Ton pilote est papy Carlos. Nous voilà parti une heure à remonter le Piquiri, un affluent du Cuiabá. Le Cuiabá, c’est pour voir les jaguars, le Piquiri pour la pêche. Sur la rive, t’as de gros bateaux luxe. En fait, la plupart des touristes dorment sur ces bateaux avant de sortir voir des jaguars ou aller pêcher.
On s’arrête à un spot où il y a une dizaine de barques avec des touristes pêcheurs. Ton appât fait 20 cm, ça donne une idée de ce que tu peux attraper. Tu regardes les autres bateaux, ça mord pas beaucoup. Ça fait pas 10 minutes que t’as une touche, une très grosse touche. La bestiole a pas l’air contente. Ta cane à pêche est quasiment courbée en 2. Tu ramènes lentement moby dick qui se débat. Puis, t’as l’impression qu’il se fixe au fond en dessous du bateau et refuse de bouger. Hein? C’est quoi ce poisson qui reste immobile. Le seul que tu connais qui se pose au fond, c’est la sole. Ça serait étonnement d’en trouver une ici et en plus une maousse. C’est une grosse pierre que t’as accroché ? Mais non ça c’est débattu. Carlos prend le fil pour essayer de tirer. Finalement ça remonte lentement. La vache, c’est pas un poisson. T’as attrapé une raie. Là, on rigole plus. Selon Carlos si la bestiole te plante avec l’aiguillon de sa queue, c’est direction l’hôpital qui est juste à plus de 3h de piste. Pas de risques, il coupe le fil. Désolé pour la raie.
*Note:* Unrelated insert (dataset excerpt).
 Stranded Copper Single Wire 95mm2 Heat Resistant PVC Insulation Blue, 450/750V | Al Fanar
Plus aucune touche et le soleil cogne dure. On change de coin, 2 minutes plus tard une touche. Ça se bagarre mais c’est moins costaud que la raie. C’est un Tuconare, il est même pas sur la liste. Au moins t’auras du poisson pour le dîner. Puis plus rien. Une seule fois tu t’es fait dépouillé, certainement par le poisson le moins con du fleuve, le piranha. Il bouffe tout l’appât sauf la tête où il y a l’hameçon, le bougre. 2h en plein cagnard, pas une touche. Mais l’honneur est sauf. Un grand merci à maestro Chapichapo qui t’a presque tout appris sur la pêche. Il a oublié de te dire de venir avec une glacière et des bières fraîches pour passer les longues heures où rien ne se passe.
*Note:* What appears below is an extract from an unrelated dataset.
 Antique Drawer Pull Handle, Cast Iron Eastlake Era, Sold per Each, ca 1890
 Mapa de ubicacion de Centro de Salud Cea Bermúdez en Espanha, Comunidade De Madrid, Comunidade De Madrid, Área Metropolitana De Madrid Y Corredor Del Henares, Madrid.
Lors d’un arrêt, le bateau est collé à une rive où tu peux voir des empreintes de jaguar sur le sable. Forcément tu vas voir et tu commences à suivre les traces sur le sable. Tsstsss. T’as rien compris à ce que t’as dit papy Carlos en brésilien à part qu’il faut pas s’écarter du bateau, un chat pourrait être planqué et attendre. C’est comme avec les raies, on déconne pas avec les chats. Ouais, ben s’il te bouffe, il va avoir un sacré problème de cholestérol le chaton.
L’après midi, tu repars avec papy Carlos voir des jaguars. Il est très fier de t’expliquer que la dernière fois qu’il a amené des français il a vu 3 jaguars et 1 anaconda. Waouh ! T’es avec une pointure ! Première arrêt, l’endroit des anacondas. Alors tu devrais plutôt dire des a-pas-conda mais bon peut-être en revenant. On remonte plusieurs affluents du fleuve Cuiabá où la couleur du fleuve est différente, ça va du marron au noir. Ouais faut pas espérer ici une eau transparente.
Au moins avec lui tu t’arrêtes pour voir d’autres bestiaux. Alors de la loutre, du capybara, du piaf avec bébé piaf, ça t’en as vu. Pour résumé, t’as passé 4h sur le bateau, t’as pas la vue la moindre tâche d’un jaguar et les autres bateaux non plus. Après, t’as compris que l’histoire avec les 3 jaguars c’était le jour où le cirque Pinder était venu ici avec ses numéros de félins, pas simple de comprendre le brésilien !
Donc si vous pensez venir, notez que le mardi est une journée sans chat. Tu te répètes mais t’as eu un sacré coup de pot la veille.